Старый капрал сердито стукнул палкой об пол:
– Говорю вам, что будут, милая. Я спрашивал пастора.
– Что же он сказал?
– Он сказал, что там будет последняя битва. Он даже назвал ее. Битва при Арм... Арм...
– При Армагеддоне».
В финале старик умирает, в предсмертном бреду тревожась лишь о том, что его товарищам не хватает боеприпасов. Довольно банальная вещица, хорошо подходящая для театральной постановки: ролей мало, все действие происходит в одной комнате, старый Брустер в хорошем исполнении непременно вызовет у публики рыдания. Дойл за неделю написал на основе этого рассказа одноактную пьесу под названием «Ватерлоо» и отправил ее великому Генри Ирвингу, чьим поклонником был еще в Эдинбурге. Тот моментально оценил все достоинства маленькой пьесы и через своего секретаря известил Дойла, что покупает права на нее за 100 фунтов. Секретарем этим был Брэм Стокер, тогда еще не прославленный «Дракулой».
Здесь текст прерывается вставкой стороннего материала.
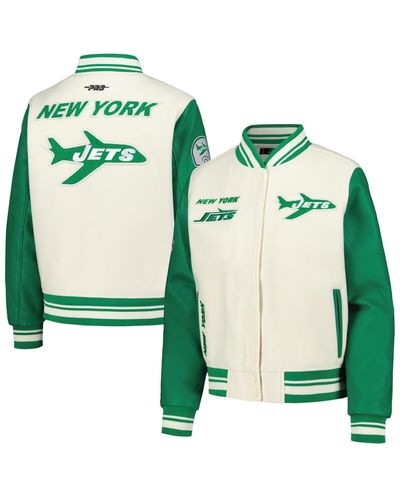 Pro Standard Distressed New York Jets Retro Classic Vintage-like Full-zip Varsity Jacket - Green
Пьеса с осени 1894 года пошла в Америке; успех был громадный – первый успех доктора на драматическом поприще. Стокер писал, что спектакль является «событием чрезвычайной важности в театральном мире». Ирвинг в течение многих лет играл Брустера блистательно и, что любопытно, исправно высылал автору гинею с каждого представления, хотя по условиям договора делать этого был вовсе не обязан – странные они все-таки, эти люди XIX века! Впоследствии Ирвинг и Дойл подружились и нередко навещали друг друга. Критики утверждали, что успех пьесы всецело является заслугой Ирвинга. Дойла это сильно обижало, и обижало, наверное, совершенно справедливо. Никакой актер не вытянет пьесы, если ему в ней нечего играть. Текст «Ватерлоо» банален по содержанию, но у театра свои законы, отличающиеся от законов литературы. Дойл великолепно сделал главное, что нужно для сцены – характер.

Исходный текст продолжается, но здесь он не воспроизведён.